As it was, he created open look after open look for guys like Seth Curry and Danny Green, which is exactly how this team is going to win if they're going to win with an offense built around a post-up center. Embiid's individual scoring is nice, but turning the scoring threat into repeated corner threes is the holy grail for this group. Instead of abandoning team basketball because they were trailing big early in the second half, Embiid only leaned into it further, and it helped the Sixers claw their way back into this game, one made jumper at a time. 

Embiid's other important contribution to this game was his exploitation of the officials, who were ready to whistle early and often. Philadelphia's free-throw machine had Minnesota defenders jumping all over the place throughout the evening, helping him get points on the board even as his jumper took some time to get into this game. He probably benefitted from some star calls in the second half, but knowing when and how to get those is part of the gig.

The big guy would eventually get going late in this one, stepping back into the lineup and playing second-half hero without any chance to catch his breath. Embiid hit a monster stepback three late in regulation that brought the house down, and he kept demanding the ball when the chips were down, forcing the officials to make a decision by seeking out contact throughout the fourth quarter and overtime.

Considering how much time he missed, Embiid looked great physically late in this one. Sprinkle in some absolutely insane defensive plays at the rim — Anthony Edwards had to throw up some real trash to try to score around him — and this was a hell of a return, a slow start aside. The late first overtime turnover was an absolute backbreaker, though.

• Danny Green was expected to be at or around 17 minutes of action tonight, but Doc Rivers went over the limit when the Sixers needed a spark in the second half. Good call by the coach — Green was a difference-maker for Philly when it looked like this game was on the verge of going completely off the rails, helping to pull them back in with a vintage Danny Green performance.

The loudest contributions Green makes are always the made threes, but he's so much more than his shot contributions. He closes out hard without flying into or past opposing perimeter players, he pokes the ball away from his man on-ball to get the Sixers rolling on the break, and his craftiness on the baseline is underappreciated for its impact on the offense. Even if Green isn't the guy taking/making a shot, drawing attention as he darts from corner to corner is ultra-valuable.

If he had sunk the three he missed at the end of the third after coming up with a steal in the backcourt with about 25 seconds to play, I think the roof might have blown off the Wells Fargo Center. There are plenty of you infuriated by his bad nights, but he is a critical piece for this group.

• Tobias Harris was flat-out terrible for the first half of this game, but I think he deserves credit for the fight and toughness he showed around the basket in the fourth quarter. With the Sixers on the comeback trail for basically the entire second half, a lot of guys were running on fumes as this game wore on, the weight of their push coming down on them. But Harris was a man possessed around the basket, scoring at the rim several times and coming down with a handful of offensive rebounds to extend possessions and covert them into points.

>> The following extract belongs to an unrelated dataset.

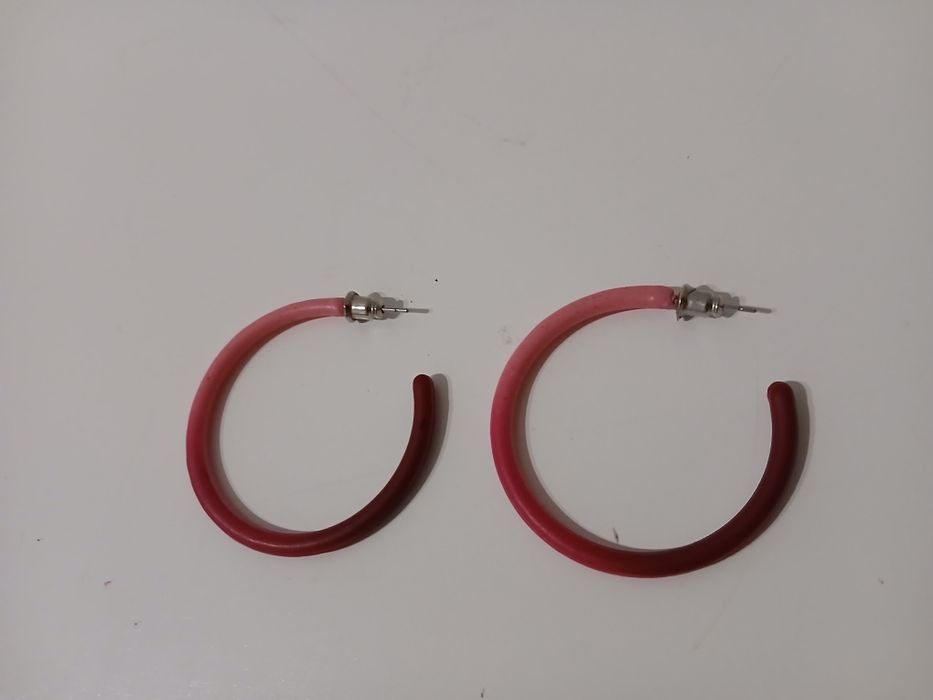 Argolas plásticas em degrade de rosa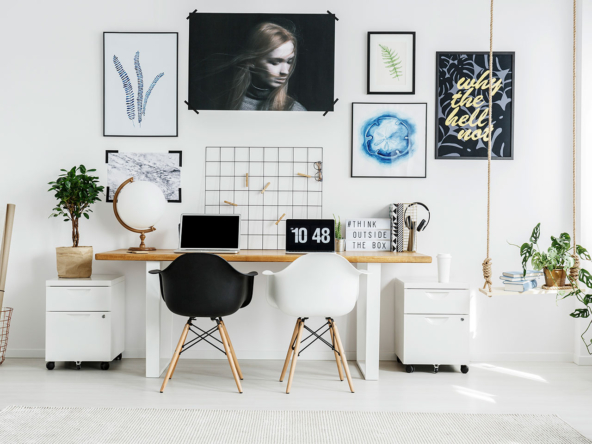 A room with two desks and a laptop on it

Sometimes it's just not going to be your night. When that's the case, you can get over the hump by simply out willing your opponent, and Harris clearly smelled fatigue in a group that was on the second half of a back-to-back. 

• Critical second-half adjustment — moving Embiid to an off-KAT role for stretches to empower him to give help at the rim and distort the floor to punish Minnesota for having non-shooters on the floor. It's the sort of thing I'd like to see more often out of Doc Rivers.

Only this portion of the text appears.